"A portrait is a picture in which there is just a tiny little something not quite right about the mouth." -- John Singer Sargent

Friday, March 11, 2016

Lillian Moller Gilbreth



This 1929-30 portrait of Lillian Moller Gilbreth by Frank Herring hangs in the National Portrait  Gallery in Washington DC.
"Lillian Gilbreth had twelve children during the course of her marriage. That did not prevent her, however, from obtaining a doctorate in industrial psychology. Nor did it stop her from taking an active part in the consulting business started by her husband Frank, a pioneer in efficiency engineering. With Frank's death in 1924, Lillian took over the business, and by the 1930s she was the country's leading authority in applying workplace efficiency to home management. Among Gilbreth's most lasting achievements were her efforts to devise ways for the physically handi­capped to lead more independent lives.

Gilbreth posed for this portrait around 1930. Later her daughter Ernestine purchased the picture with royalties from Cheaper by the Dozen, the best-selling memoir that she and her brother had written about their life." -- National Portrait Gallery
Cheaper by the Dozen The Gilbreth Family

This 1948 painting by Andrew Loomis also hangs in the National Portrait Gallery.
"Frank and Lillian Gilbreth and their twelve children were the topic of the popular book Cheaper by the Dozen (1948).

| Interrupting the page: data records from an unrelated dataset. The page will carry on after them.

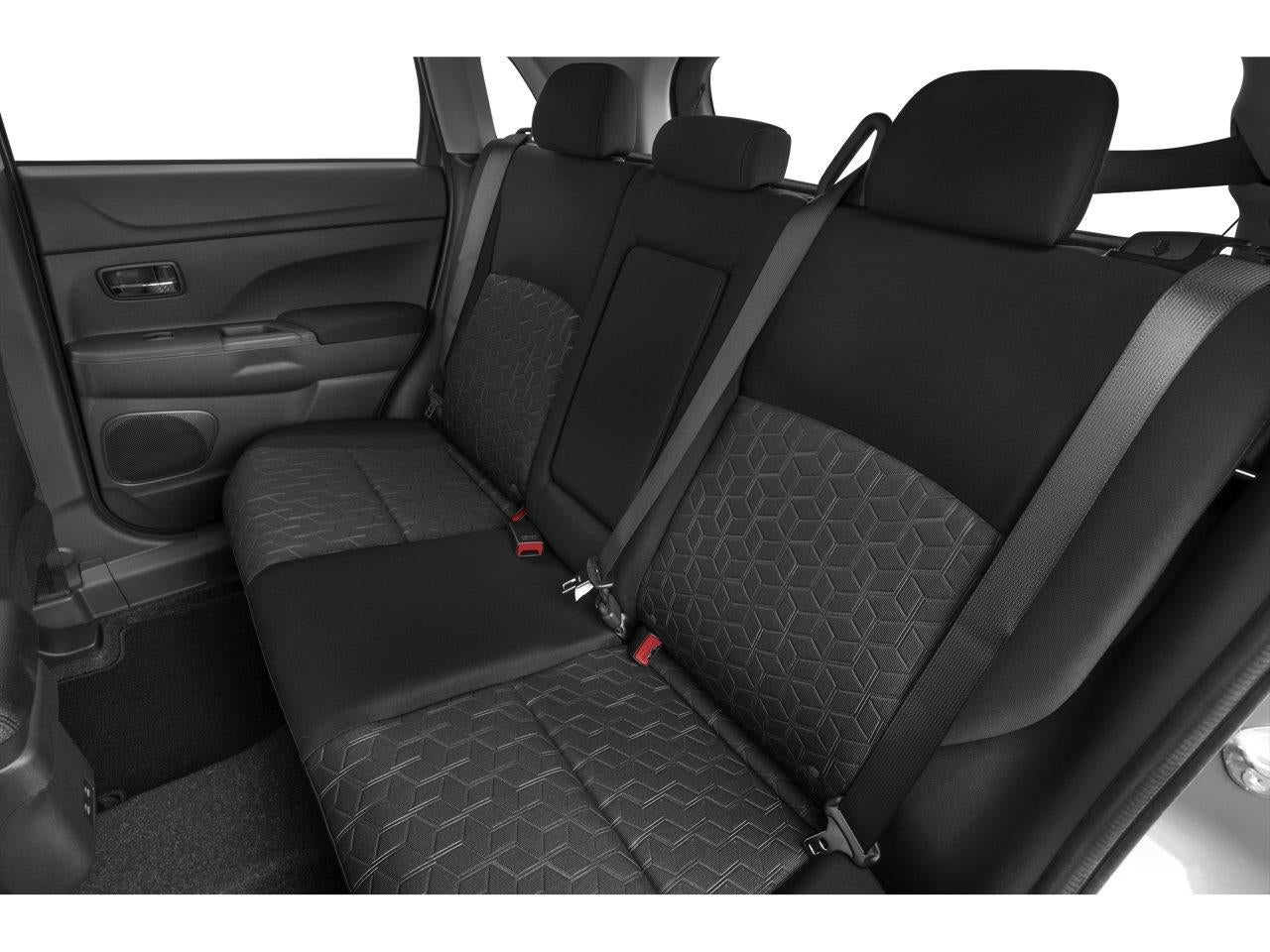 2027 Mitsubishi Outlander Sport LE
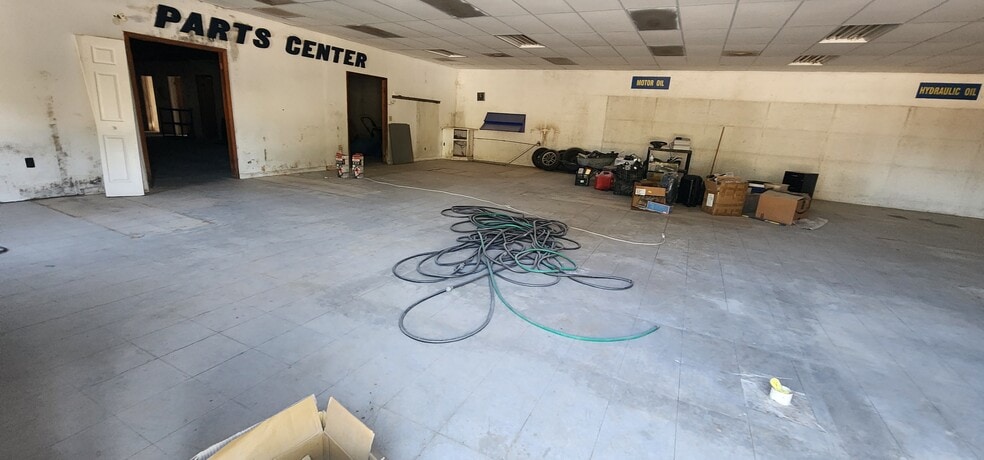 More Photos Of 284 S Center St, Pierson Auto Repair For Lease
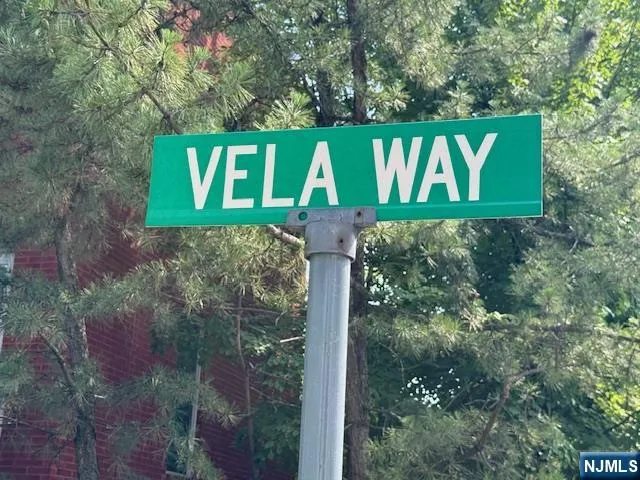 6 Vela Way Edgewater, NJ 07020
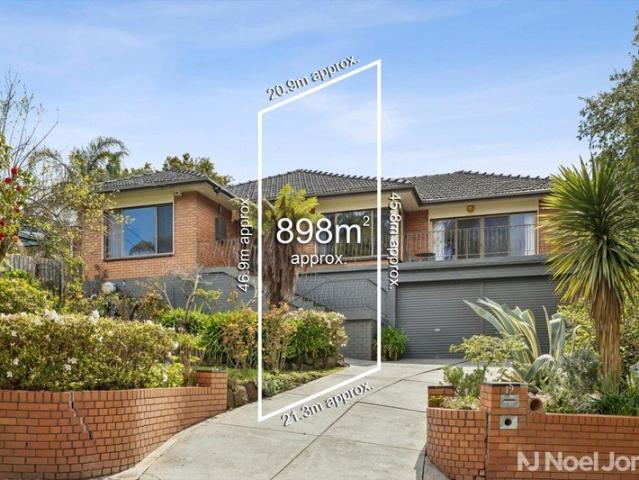 Elevated Family Living on Approx. 898sqm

The Gilbreths were both professional efficiency experts who studied time and motion to improve and simplify innumerable human functions, from manual labor to household chores. Naturally, their own home in Montclair, New Jersey, became a discovery lab for better and more economical ways of doing things, from washing dishes to raking leaves. Two Gilbreth children, Frank Jr. and Ernestine, wrote the lighthearted family memoir and took the title from a favorite saying of their father, who would explain his profuse progeny as cheaper by the dozen.

This painting by Andrew Loomis was commissioned for the January 1949 issue of Ladies' Home Journal to illustrate excerpts from the new book." -- National Portrait Gallery
Engineer Girl says of Lillian Gilbreth:
"Lillian Moller Gilbreth is known as the Mother of Modern Management and America's First Lady of Engineering. She was the first female to be elected to the National Academy of Engineering."
Alexandra Lange in Slate called her "the woman who  invented the kitchen." Gilbreth is credited with the invention of the foot-pedal trash can.